The pinnacles are visible a few miles away from Trona, out in the valley just south of the lack. They appear as a long row of huge, tooth-like formations. I understand that they are ancient tufa formations, related to but much larger than the similar formations in some other well-known California locations. I have been contemplating photographing them for years, and from time to time I stop and drive out there. The main challenge has always been the lighting, and every time I’ve been there the light has been the stark, clear sky light of desert day, which is not always conducive to photography. This time that light was softened a bit but a few high clouds and some haze, and as we explored the pinnacles I saw this juxtaposition of near and far towers.

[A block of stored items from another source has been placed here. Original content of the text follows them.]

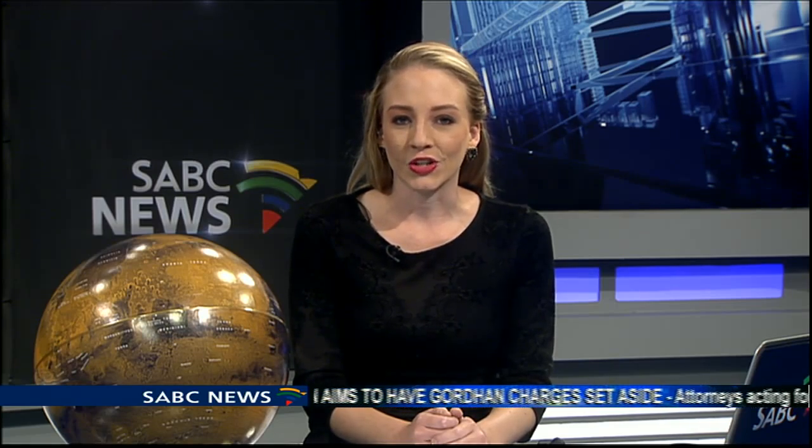From its red dust storms, active volcanoes and average temperature of minus 26 degrees in winter, why is this planet so interesting for exploration by global space agencies and a possible new home for humans? To tell us more about this red planet, as it is commonly known, joining us in studio is the Director of the Shallow Sky Section at Astronomy Society of Southern Africa, Clyde Forster.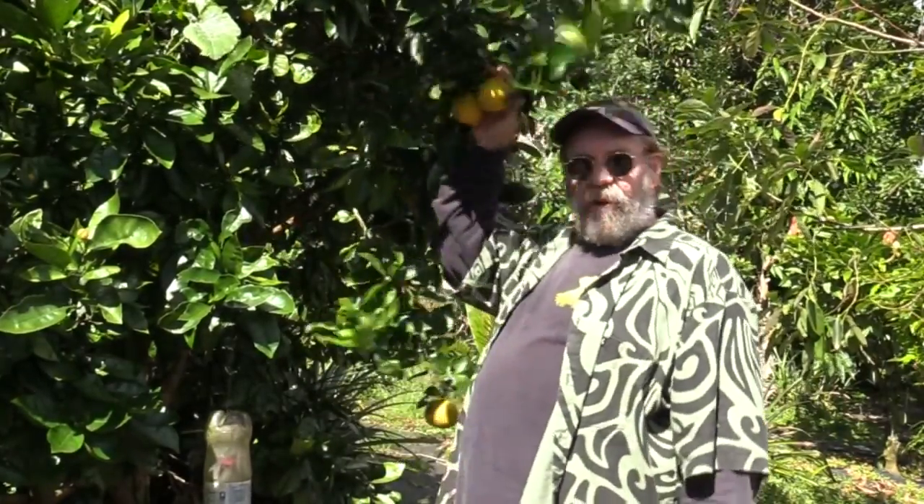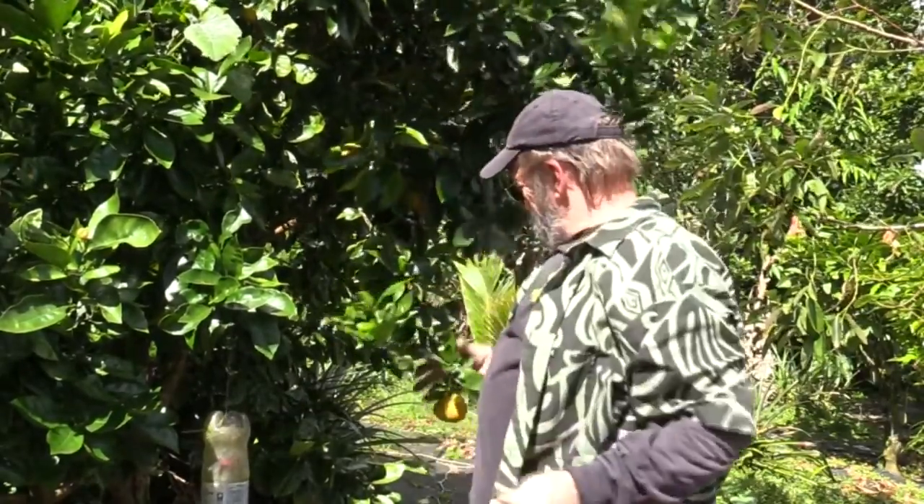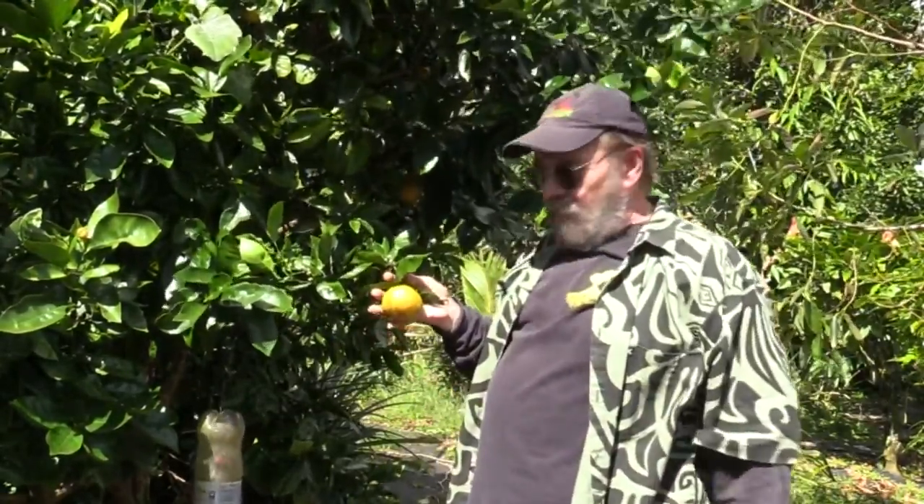The other morning I woke up and looked out the back door at this Valencia orange tree, and I was shocked to notice that the oranges had suddenly turned orange overnight. Right there is one, and here's another one. They had been green, and the reason they turned orange suddenly overnight was because of the kind of weather we're having here.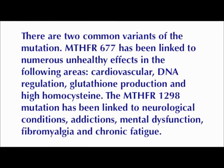There are two common variants of the mutation. MTHFR-677 has been linked to numerous unhealthy effects in cardiovascular health, DNA regulation, glutathione production, and high homocysteine. The MTHFR-1298 mutation has been linked to neurological conditions, addictions, mental dysfunction, fibromyalgia, and chronic fatigue.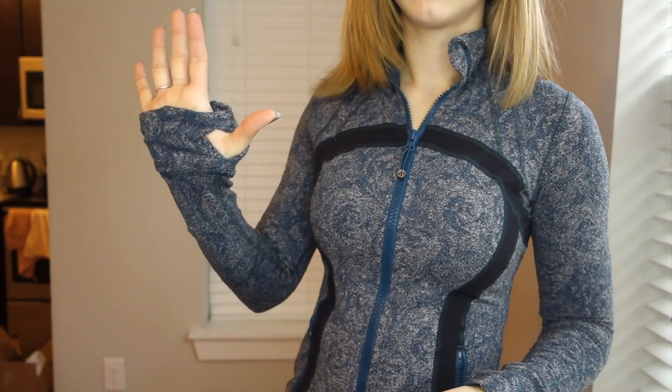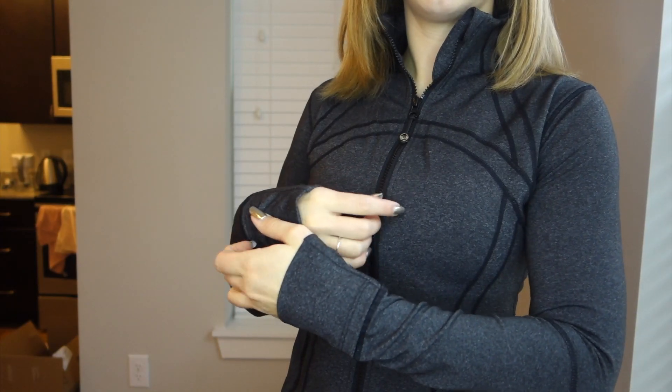A very important feature of the Lululemon Define jacket is the thumb holes — I love a jacket with thumb holes because it keeps the sleeve nicely over your hands. The Queenie Ke jacket also has thumb holes, so they did a great job copying that detail. Both jackets also have fold-over cuffs — I call them hand pockets — which keep your hands warm while running in the cold. That feature is really nicely made on both the Lululemon and the Queenie Ke.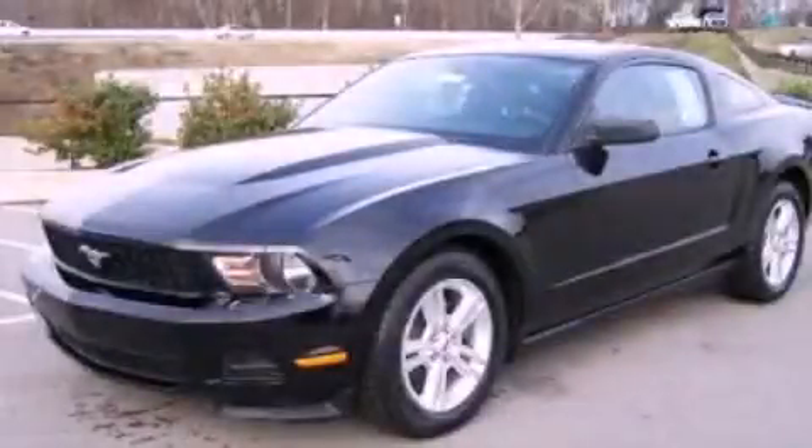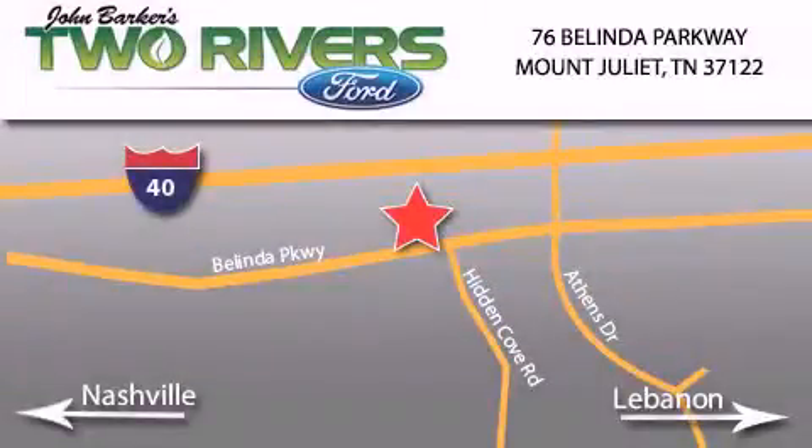Call now to find out how you can own this breathtaking vehicle. Two Rivers Ford is located at 76 Belinda Parkway, I-40 exit 226 Mount Juliet Road at Providence. Our goal is to exceed all of your expectations to ensure that you'll return for future visits.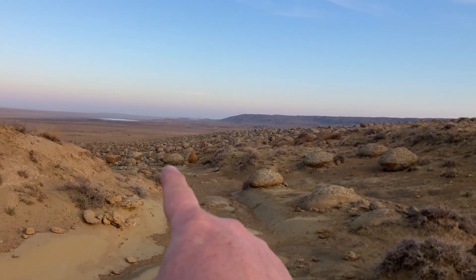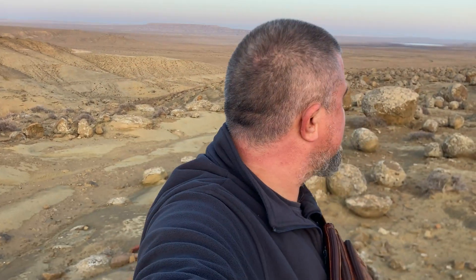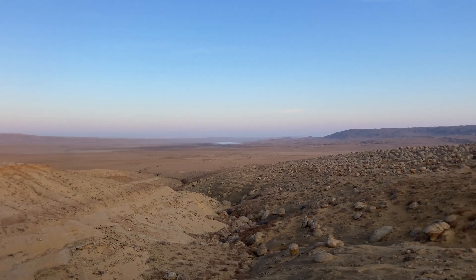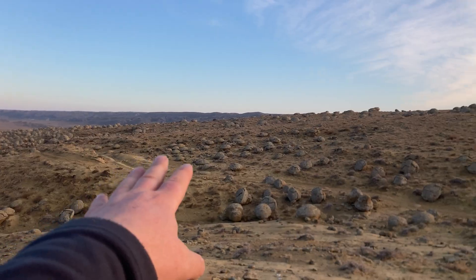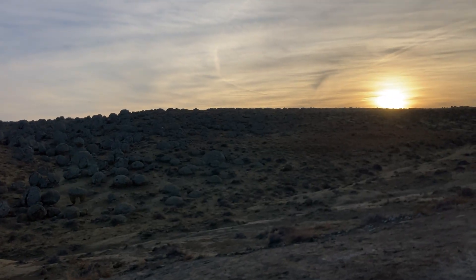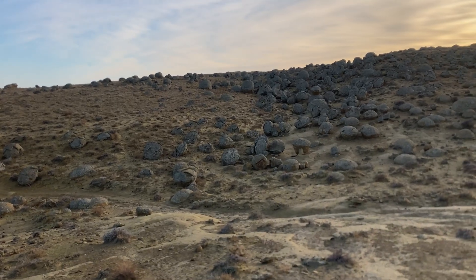Look at this — so many, a massive pile. But where did all these spheres come from? Why are there so many? Why are they in this exact place? And why are they all so perfectly round? Just look at this beauty. Look how incredible this is. The entire ground is covered in these spheres. It's like some giant was transporting them in a truck and they all spilled out. How is this even possible?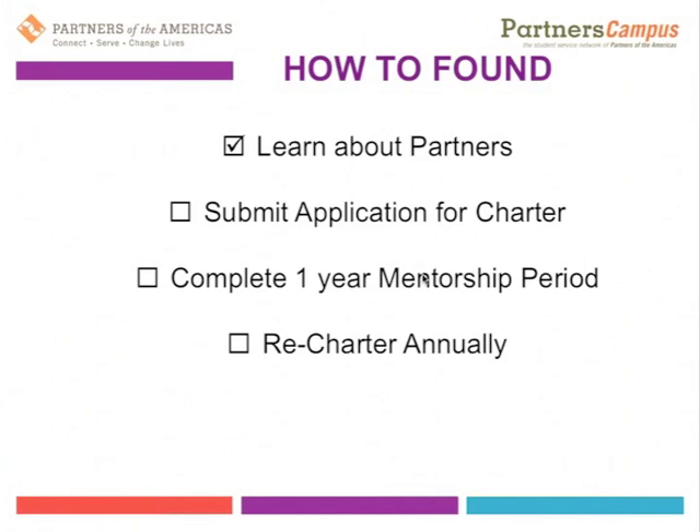And then finally, rechartering annually. In the traditional Partners of the Americas chapter network, annual dues can be paid, but the chartered process happens every few years — meaning approval by the international office and the board of directors to remain part of the network. Because of the transition inherent in student organizations, structures will be in place for student chapters to be rechartering annually through the international office to ensure smooth leadership transition.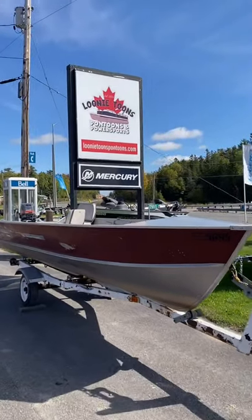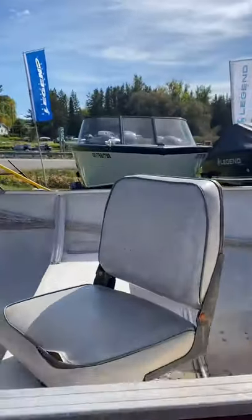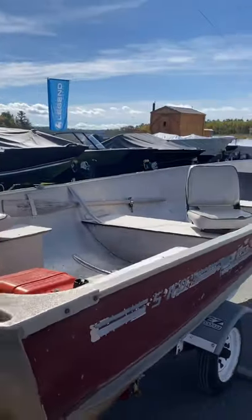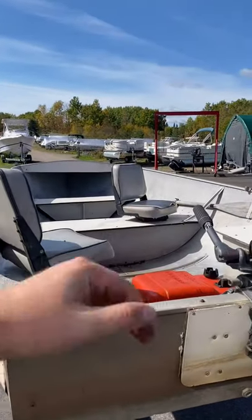This 1987 Naden may be older than your lucky socks, but we've tested it. It's completely leak-proof, and with these great swivel chairs and a fantastic 72-inch super wide beam, 16-foot length, and a 20-horsepower Mariner on the back.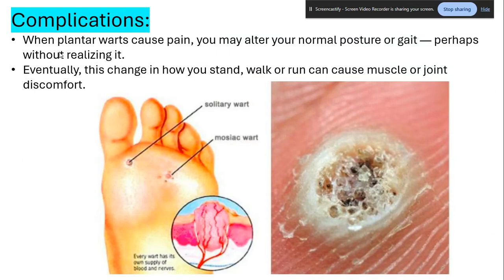This change in how you stand, walk, or run will cause muscle or joint discomfort, leading to issues with your ankles and tendons. As you can see, this is a solitary wart and this is a mosaic wart. Every wart has its own supply of blood and nerves — the wart seeds we discussed are actually inward growths with their own blood and nerve supply.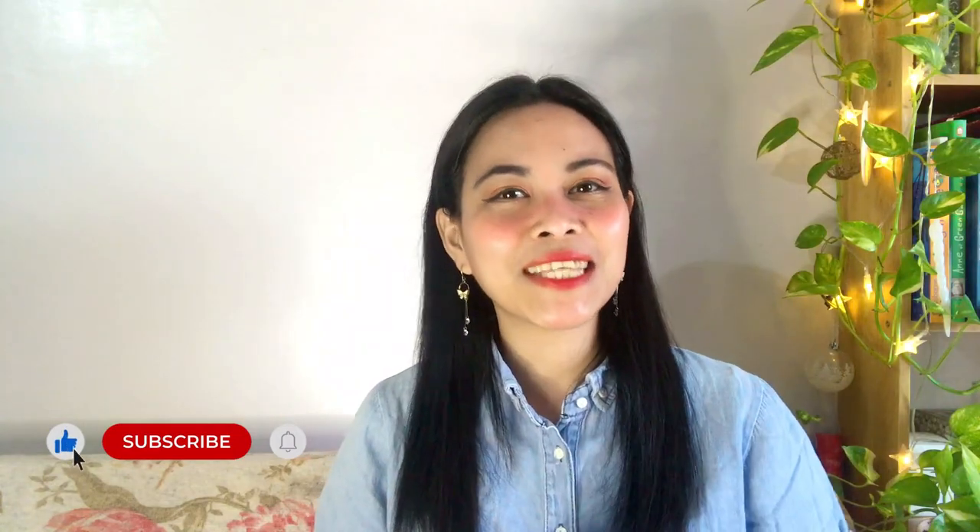Hi everyone, hello queen bees, welcome to my channel. My name is Queenie, you can call me Queen. If you're new to my channel, hi, hello, how are you — I hope you could stay longer and subscribe. And if you're coming back, thanks queen bee, welcome back.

Morning light on sand dunes and rugged mountains, Death Valley National Park
On our final morning in Death Valley this past March I got up before dawn one more time, loaded some gear in the car, and drove a short distance to a place from which I had decided I wanted to access sand dunes. I had been in the same area a few days earlier, and on that visit I spotted a likely looking area not far away — and that was my target this time as I walked alone across the quiet playa in pre-dawn light.
Out here the light arrives with surprising suddenness, despite the hints that it is coming, seen in light on peaks to the west and far up the valley. Silently the first light skims across dune tops, and within seconds the soft light is replaced by brighter highlights and darker shadows. Here I looked east across low dunes toward mountains along the eastern side of the valley at the base of the Amargosa Range. The morning haze and shadows on the mountains muted the their details. I photographed here for a few more minutes before packing and walking back to my vehicle, and within an hour we were on our way out of the park.